Data section Start Marker

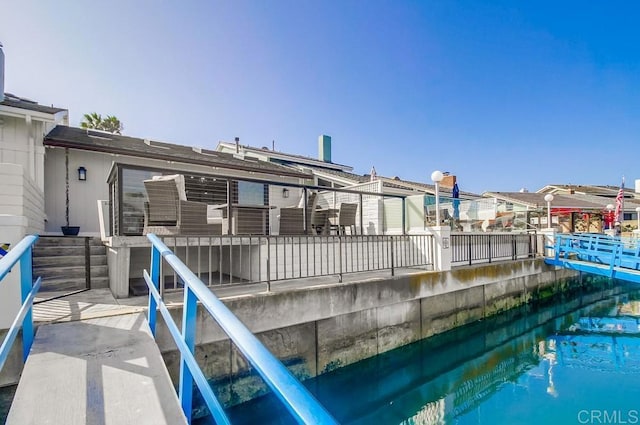 51 Catspaw, Coronado, CA 92118 - view of swimming pool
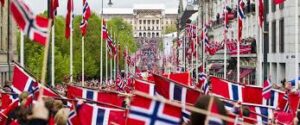 norwegian flag
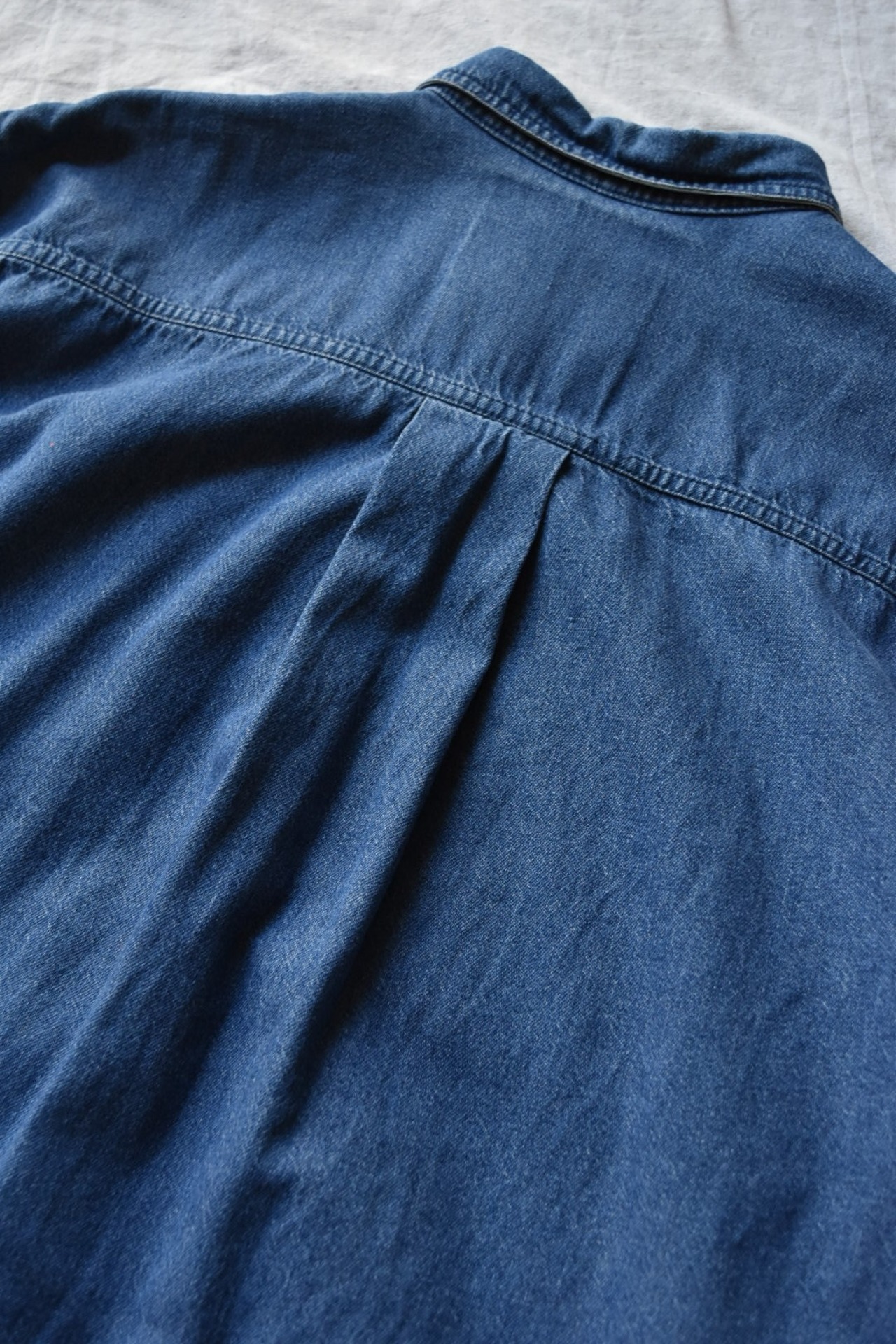 Euro Levis Denim Shirt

Data section End Marker

### Required work
Output the material above exactly as written and drop any images it holds.

### Response
 51 Catspaw, Coronado, CA 92118 - view of swimming pool
 norwegian flag
 Euro Levis Denim Shirt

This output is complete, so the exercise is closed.